▸ What the exercise asks: The expected output is the line bearing "Market position of" followed by all remaining lines of the records, each restated word for word.

▸ Information shown:

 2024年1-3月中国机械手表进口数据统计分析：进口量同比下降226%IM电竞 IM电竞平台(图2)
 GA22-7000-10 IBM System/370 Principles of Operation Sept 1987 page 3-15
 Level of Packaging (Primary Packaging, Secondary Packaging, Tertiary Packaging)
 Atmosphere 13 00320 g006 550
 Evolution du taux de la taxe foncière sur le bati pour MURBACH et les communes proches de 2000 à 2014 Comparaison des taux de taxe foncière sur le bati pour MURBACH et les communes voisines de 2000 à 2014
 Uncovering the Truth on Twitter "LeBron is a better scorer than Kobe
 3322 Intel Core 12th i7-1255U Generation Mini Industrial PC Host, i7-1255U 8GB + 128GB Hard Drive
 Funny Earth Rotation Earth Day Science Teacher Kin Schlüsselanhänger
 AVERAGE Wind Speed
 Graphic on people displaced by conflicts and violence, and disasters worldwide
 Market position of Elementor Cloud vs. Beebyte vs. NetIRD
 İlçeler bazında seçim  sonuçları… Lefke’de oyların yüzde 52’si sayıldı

▸ Task answer:
 Market position of Elementor Cloud vs. Beebyte vs. NetIRD
 İlçeler bazında seçim  sonuçları… Lefke’de oyların yüzde 52’si sayıldı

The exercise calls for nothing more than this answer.